Chris will get into more detail on revenue in a few minutes. Our overall visibility continued to strengthen, with Q3 marking the strongest booked-to-deploy unit ratio in the company's history. Thanks to the changes we have been sharing with investors and our go-to-market model, we expect 2026 to be an inflection point where Evolv's ARR growth will outpace revenue growth. Let me explain that encouraging trend a bit further, which we introduced to investors on our prior call. While we are delighted with 57% year-over-year revenue growth, it is important to note that our deployed unit count grew by about 30% year over year, which we believe provides a more normalized view of the fundamentals of the business.

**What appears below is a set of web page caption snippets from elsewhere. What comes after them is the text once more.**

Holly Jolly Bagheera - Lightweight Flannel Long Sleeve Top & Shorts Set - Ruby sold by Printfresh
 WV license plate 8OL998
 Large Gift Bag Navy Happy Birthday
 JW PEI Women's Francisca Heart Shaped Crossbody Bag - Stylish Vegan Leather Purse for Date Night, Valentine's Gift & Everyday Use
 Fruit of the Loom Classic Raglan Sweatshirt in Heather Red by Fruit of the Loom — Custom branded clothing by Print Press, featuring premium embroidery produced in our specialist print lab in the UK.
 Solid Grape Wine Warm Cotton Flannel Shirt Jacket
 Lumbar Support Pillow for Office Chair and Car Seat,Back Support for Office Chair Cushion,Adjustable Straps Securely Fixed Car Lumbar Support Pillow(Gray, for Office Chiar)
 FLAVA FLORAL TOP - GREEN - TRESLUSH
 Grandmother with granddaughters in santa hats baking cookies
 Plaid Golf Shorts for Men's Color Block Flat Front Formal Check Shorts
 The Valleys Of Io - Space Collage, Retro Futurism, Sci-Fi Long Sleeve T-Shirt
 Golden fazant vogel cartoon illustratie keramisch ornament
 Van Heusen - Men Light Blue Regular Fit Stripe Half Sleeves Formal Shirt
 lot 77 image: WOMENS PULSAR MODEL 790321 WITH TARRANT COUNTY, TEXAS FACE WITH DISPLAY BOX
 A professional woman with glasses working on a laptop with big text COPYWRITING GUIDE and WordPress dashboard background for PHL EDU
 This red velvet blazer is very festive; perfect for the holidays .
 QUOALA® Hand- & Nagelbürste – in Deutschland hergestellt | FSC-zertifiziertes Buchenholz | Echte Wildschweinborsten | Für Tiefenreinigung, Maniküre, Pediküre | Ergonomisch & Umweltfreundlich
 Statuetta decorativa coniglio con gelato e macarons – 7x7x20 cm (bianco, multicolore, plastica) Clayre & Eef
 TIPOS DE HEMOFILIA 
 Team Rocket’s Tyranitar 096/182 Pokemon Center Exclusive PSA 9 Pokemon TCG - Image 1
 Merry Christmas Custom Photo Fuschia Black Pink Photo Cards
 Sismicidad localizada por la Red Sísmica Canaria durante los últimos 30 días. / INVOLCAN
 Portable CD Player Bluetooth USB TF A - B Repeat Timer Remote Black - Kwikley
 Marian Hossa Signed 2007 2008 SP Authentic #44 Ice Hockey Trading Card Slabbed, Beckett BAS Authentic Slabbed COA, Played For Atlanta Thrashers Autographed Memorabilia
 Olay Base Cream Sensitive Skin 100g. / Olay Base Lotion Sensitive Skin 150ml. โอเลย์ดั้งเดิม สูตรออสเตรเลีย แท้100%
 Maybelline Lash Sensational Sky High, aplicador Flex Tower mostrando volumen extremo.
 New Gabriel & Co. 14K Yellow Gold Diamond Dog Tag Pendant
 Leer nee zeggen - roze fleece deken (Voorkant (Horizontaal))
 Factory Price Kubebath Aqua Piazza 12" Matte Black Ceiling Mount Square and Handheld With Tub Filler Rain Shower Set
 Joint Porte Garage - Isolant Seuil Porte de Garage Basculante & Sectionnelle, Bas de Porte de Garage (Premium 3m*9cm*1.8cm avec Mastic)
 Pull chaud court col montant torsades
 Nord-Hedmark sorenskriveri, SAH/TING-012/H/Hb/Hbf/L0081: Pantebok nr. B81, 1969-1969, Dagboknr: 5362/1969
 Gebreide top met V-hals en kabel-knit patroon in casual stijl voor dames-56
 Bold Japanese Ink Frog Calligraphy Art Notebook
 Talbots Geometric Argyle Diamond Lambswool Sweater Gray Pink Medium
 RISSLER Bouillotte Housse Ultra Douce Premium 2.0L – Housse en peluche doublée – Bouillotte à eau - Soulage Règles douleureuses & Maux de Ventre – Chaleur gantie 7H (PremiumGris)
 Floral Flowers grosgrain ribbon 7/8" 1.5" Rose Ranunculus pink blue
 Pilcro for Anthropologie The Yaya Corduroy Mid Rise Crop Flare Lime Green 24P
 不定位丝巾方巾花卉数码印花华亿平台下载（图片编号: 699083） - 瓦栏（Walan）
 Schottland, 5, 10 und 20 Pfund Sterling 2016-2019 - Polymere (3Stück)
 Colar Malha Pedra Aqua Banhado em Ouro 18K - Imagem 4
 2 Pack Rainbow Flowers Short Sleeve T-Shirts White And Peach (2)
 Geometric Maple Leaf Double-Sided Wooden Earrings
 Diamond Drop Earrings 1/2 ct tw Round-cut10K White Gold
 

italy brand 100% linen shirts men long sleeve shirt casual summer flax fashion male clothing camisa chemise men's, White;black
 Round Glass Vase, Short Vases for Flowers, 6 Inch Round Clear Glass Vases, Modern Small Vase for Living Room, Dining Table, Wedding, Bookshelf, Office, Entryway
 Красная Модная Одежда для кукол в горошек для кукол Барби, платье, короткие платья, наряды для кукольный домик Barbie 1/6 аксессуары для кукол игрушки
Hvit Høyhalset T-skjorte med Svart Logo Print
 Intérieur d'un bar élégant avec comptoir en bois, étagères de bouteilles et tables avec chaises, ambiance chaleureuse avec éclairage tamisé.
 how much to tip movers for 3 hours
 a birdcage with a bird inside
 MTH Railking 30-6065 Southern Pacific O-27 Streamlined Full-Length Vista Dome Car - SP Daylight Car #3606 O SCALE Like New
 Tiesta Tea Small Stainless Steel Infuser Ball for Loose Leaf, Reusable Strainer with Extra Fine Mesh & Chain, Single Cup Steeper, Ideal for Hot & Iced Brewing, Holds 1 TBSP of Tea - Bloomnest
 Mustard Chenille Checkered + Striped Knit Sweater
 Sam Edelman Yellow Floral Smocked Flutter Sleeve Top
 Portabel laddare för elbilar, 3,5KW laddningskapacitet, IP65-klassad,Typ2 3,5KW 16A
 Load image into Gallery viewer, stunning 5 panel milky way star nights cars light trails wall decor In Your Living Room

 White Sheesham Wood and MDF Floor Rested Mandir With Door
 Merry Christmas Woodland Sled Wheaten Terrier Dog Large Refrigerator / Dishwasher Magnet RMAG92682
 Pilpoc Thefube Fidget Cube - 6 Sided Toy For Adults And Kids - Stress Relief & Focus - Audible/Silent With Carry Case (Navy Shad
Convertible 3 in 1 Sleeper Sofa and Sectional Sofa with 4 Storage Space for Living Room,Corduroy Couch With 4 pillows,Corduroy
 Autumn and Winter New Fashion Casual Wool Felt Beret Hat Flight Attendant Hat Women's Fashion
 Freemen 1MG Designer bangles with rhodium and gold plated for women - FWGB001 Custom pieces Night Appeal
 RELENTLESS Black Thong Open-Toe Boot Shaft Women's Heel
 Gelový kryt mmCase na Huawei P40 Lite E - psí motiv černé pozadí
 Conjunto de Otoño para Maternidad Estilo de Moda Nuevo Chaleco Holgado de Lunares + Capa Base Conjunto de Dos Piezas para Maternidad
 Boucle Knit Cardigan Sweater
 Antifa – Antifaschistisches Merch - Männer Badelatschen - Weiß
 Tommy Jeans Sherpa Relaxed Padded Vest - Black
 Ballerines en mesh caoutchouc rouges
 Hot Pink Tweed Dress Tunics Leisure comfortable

The gap between revenue growth and unit growth is primarily based on two factors. First, it reflects the trailing impact of our legacy distribution fulfillment model, which results in a higher proportion of the total contract value taken in the immediate period, lower ARR, and lower total contract revenue as compared to direct purchase fulfillment. The second factor driving the delta between revenue growth and unit growth is a higher proportion of purchase versus subscription sales, or our mix. Specifically, compared to 41% in the year-ago period, units purchased by our customers represented 57% of unit activity in Q3. By transitioning away from our legacy distribution model, we now capture 100% of the average revenue per unit or ARPU.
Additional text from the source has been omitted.